This variance is the expectation of the squared difference from the hypothesis function on dataset $D$ and average hypothesis.
If we are over-specialized on some set $D$ we are overfitting.
Typically if the dataset becomes larger the variance should become smaller.
If I remove the outliers, I change the data distribution, and this can certainly help the variance decrease. This means I can use complex models, because variance decreased, and if I use complex models the bias will decrease.
Bias
Bias exists because your hypothesis functions are biased to a particular kind of solution. In other words, bias is inherent to your model.
Noise
How can we reduce noise? Noise depends on the number of features (feature space) so with more features can can help reducing the data inartistic noise.
Also noise is not a function of $D$, more data will not help reducing the noise.
However, here is the trade off, if I add more features, and make noise smaller, I will make the variance larger.
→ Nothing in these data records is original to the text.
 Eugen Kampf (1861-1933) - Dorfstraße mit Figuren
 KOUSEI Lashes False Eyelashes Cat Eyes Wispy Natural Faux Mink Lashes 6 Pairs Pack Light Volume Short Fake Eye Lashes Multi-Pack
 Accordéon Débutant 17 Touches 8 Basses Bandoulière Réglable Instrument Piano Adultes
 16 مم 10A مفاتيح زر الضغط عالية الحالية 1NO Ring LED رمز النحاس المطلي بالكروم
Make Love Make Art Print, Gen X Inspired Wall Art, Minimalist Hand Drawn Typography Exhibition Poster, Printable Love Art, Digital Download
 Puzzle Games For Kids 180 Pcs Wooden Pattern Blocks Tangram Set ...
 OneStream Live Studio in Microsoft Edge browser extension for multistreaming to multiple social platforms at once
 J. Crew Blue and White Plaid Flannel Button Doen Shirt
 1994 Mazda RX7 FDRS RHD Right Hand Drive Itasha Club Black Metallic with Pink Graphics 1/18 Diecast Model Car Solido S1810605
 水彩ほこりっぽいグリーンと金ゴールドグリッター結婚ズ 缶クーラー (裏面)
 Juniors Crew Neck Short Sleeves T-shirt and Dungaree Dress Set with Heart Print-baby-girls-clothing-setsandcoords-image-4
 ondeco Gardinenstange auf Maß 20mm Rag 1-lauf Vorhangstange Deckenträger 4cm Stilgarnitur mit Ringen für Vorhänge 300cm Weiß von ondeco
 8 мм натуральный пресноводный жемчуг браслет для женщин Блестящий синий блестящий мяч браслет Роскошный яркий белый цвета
This would be the features trade off.
Model complexity trade off
If we set the noise aside the bias variance tradeoff, is simple this.
We know as our model is more complex, it is capable to learn the train dataset specifics well, but it will overfit on a test dataset. The variance on a test dataset will be big. Simpler models cannot learn all the fine grains of the training dataset and because of that the variance will be lower.
It is completely opposite from the bias perspective. The model complexity, make the bias lower. This provides the intuition there is the optimal model complexity we are looking for.
Intuition on bias and variance
How to reduce high variance?
You can detect high variance if the training error is much lower than test error.
If this is the case:
- add more training data
- reduce model complexity
- use bagging
How to reduce the high bias?
If you are not in high variance mode your train and test errors should be close.
If you have high bias: the model being used is not robust enough to produce an accurate prediction.
If this is the case:
- use complex model
- add features
- use boosting